Le plein impact de la récession a été atténué dans une certaine mesure par l’augmentation des allocations de chômage, y compris le supplément fédéral hebdomadaire de 600 dollars. Mais ces paiements doivent expirer à la fin du mois de juillet et le gouvernement Trump s’oppose à leur renouvellement. Lorsque ces paiements prendront fin, l’économie pourrait connaître une nouvelle secousse.

Face à la possibilité d’un raz-de-marée de saisies immobilières, le mois prochain, l’administration fédérale du logement (FHA) a annoncé mercredi qu’elle prolongerait les moratoires sur les saisies et les expulsions jusqu’au 31 août. Cette décision concerne les emprunteurs qui ont contracté un prêt hypothécaire pour une maison individuelle auprès de la FHA. Le moratoire actuel devait expirer le 30 juin.

Les moratoires sur les expulsions ont pris fin dans un certain nombre d’États, dont le Texas, où les tribunaux ont décidé que les propriétaires pouvaient entamer une procédure d’expulsion le 26 mai. Un avocat qui s’occupe des expulsions a déclaré à un média local que les registres des tribunaux au Texas étaient «pleins». Dans de nombreux cas, on a retardé les actions contre les locataires en raison de la fermeture des tribunaux où se tiennent les audiences d’expulsion, mais les procédures débuteront probablement dans le courant du mois.

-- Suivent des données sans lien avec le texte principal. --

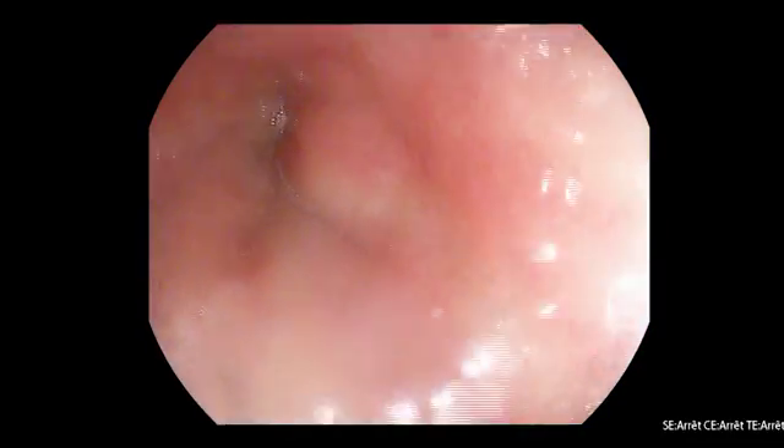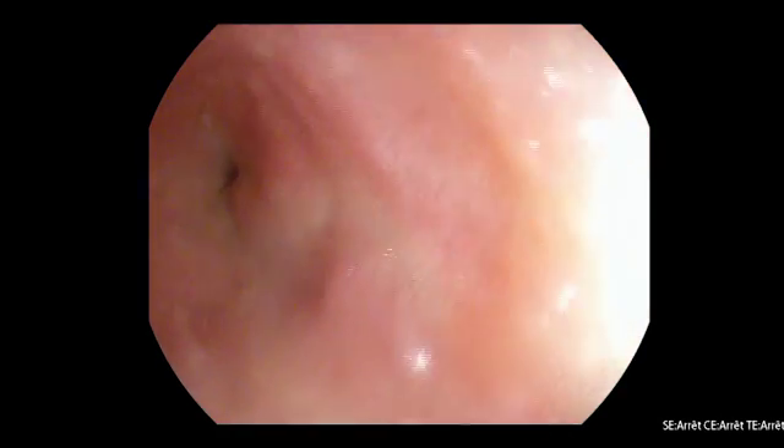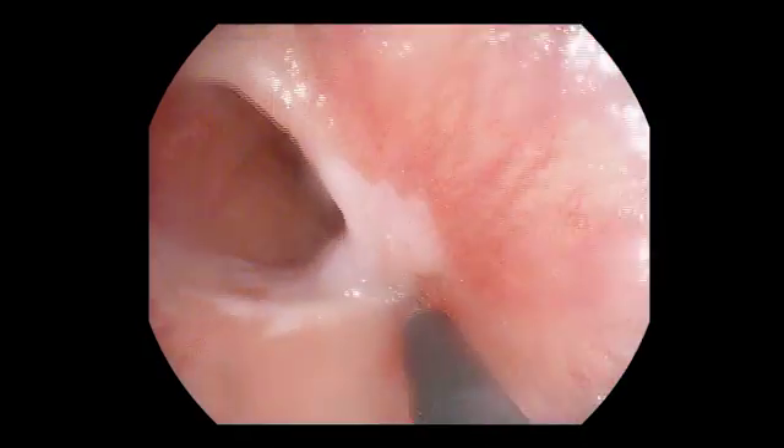I will start by the injection, because I like to inject — even if it's not recommended when using the DUET system. I will start by the injection. You can inject.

Les fermetures étant terminées, les nouvelles infections par le COVID-19 sont en augmentation dans au moins 20 États. Les clients qui craignent de contracter le virus se tiennent à l’écart des restaurants et autres commerces qui viennent de rouvrir.

Selon une étude de Jed Kolko, économiste en chef de l’Indeed Hiring Lab, les offres d’emploi ont diminué de 34 pour cent par rapport à 2019. Les embauches pour les emplois de cols blancs, comme les postes de développement de logiciels, ont diminué de 36,3 pour cent, et les postes dans le secteur bancaire et financier ont baissé de 51,3 pour cent.

Les réductions de salaire frappent de nombreux cadres et professionnels, les entreprises cherchant à tirer parti de la pandémie et de la menace de licenciements pour réduire leurs coûts. Un processus similaire devrait suivre dans le secteur manufacturier et les autres emplois liés à la production.

Environ 60 pour cent des travailleurs de l’université d’Arizona du Nord subiront une réduction de salaire à partir du 1er juillet pour couvrir un déficit budgétaire. Des dizaines d’hôpitaux et de prestataires de soins de santé ont mis en place des réductions et des gels de salaires. Le dernier en date étant le Mass General Brigham, anciennement Partners HealthCare, le plus grand prestataire de soins de santé du Massachusetts.

La persistance de niveaux sans précédent de nouvelles demandes d’allocations de chômage trois mois après le début des confinements massifs indique une crise structurelle plus profonde du système capitaliste. La propagation de COVID-19 n’a été que le déclencheur. La réponse de toutes les factions de l’élite dirigeante a été de déverser des quantités illimitées de liquidités sur les marchés financiers tout en alimentant la guerre commerciale et en préparant la guerre mondiale. Le capitalisme n’offre aucun moyen progressiste de sortir de cette impasse. Cette situation dangereuse rend nécessaire l’intervention indépendante de la classe ouvrière sur la base d’un programme socialiste et internationaliste.